Friday, October 2, 2009

It's Like a Blow Torch to the Nads...No, Really






Right now my husband is resting, like a 19th century lady who has swooned upon hearing tragic news. He has a headache. He is justifiably behaving like a weenie, because today is the day he voluntarily allows a little old Pakistani man to take a laser to his nether regions.

We've talked about vasectomy for two years now. We've known for some time that one child is all we ever need and want. When you hit the lottery, you don't play again, right? Of course, some people don't understand why we're bothering. You're infertile, aren't you? Why submit my husband to this sort of medieval torture, when chances are his sperm are mostly useless?

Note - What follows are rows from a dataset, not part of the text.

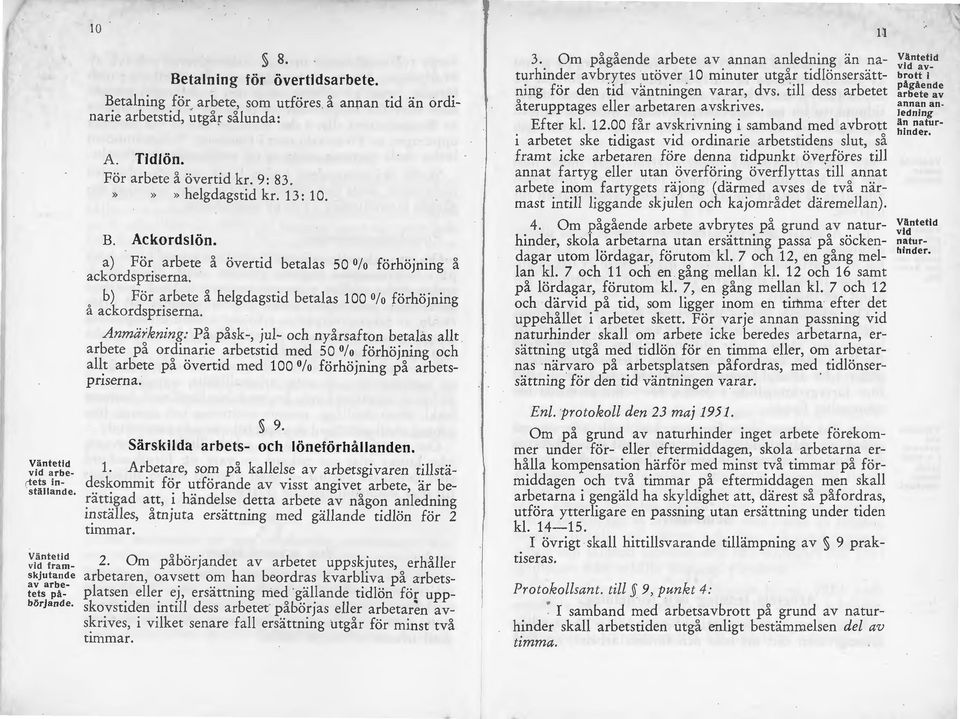 a) För arbete å övertid betalas 50 /o förhöjning å ackordspriserna. b) För arbete å helgdagstid betalas 100 O/o förhöjning å ackordspriserna.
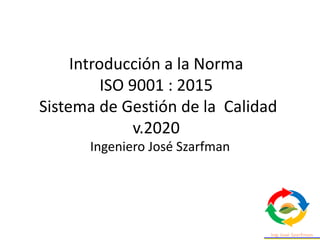Introducción a la Norma
ISO 9001 : 2015
Sistema de Gestión de la Calidad
v.2020
Ingeniero José Szarfman
 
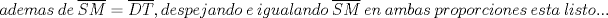 TEX: $ademas\ de\ \overline{SM} = \overline{DT}, despejando\ e\ igualando\ \overline{SM}\ en\ ambas\ proporciones\ esta\ listo...$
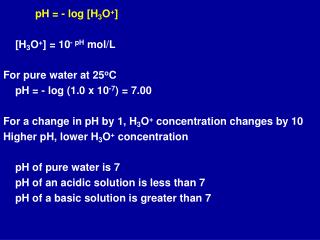 pH = - log [H 3 O + ] 	[H 3 O + ] = 10 - pH mol/L For pure water at 25 o C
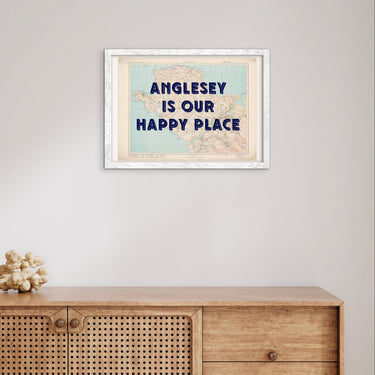 A3 Wall Art - Anglesey Is Our Happy Place - Anglesey Map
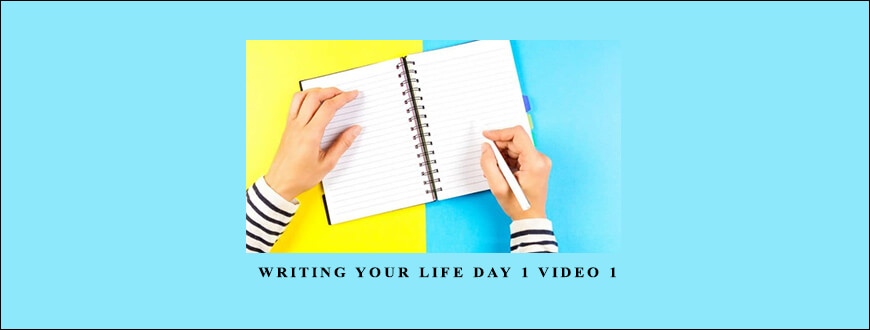 Joseph Riggio – Writing Your Life Day 1 Video 1 taking at Whatstudy.com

Violet is something of a miracle. Sure, Clomid made the egg a bigger target, but that sperm still had to find it's way there and it did. Aaron's stock is not dead. It is profoundly lazy and kind of stupid, but we all know that lazy and stupid get lucky sometimes. As a family, we are semi-charmed. Blessings always come wrapped in stinky packaging. If an accidental pregnancy had happened, we would have loved that poop machine to pieces, but it didn't and it's time for us to move on. We've spent a lot of time coming to terms with our family size. It's a big decision, especially when you are as young as we are. I could spend the next ten years trying to have babies, but I'd rather not. It was too hard and we are happy as a threesome.

So, this afternoon my husband will bravely submit his crotch to the hot knife and we will never again need to wonder if nature has cooked up an inconvenient miracle for us. Aaron is terrified right now, but in a few days he will feel liberated and so will I.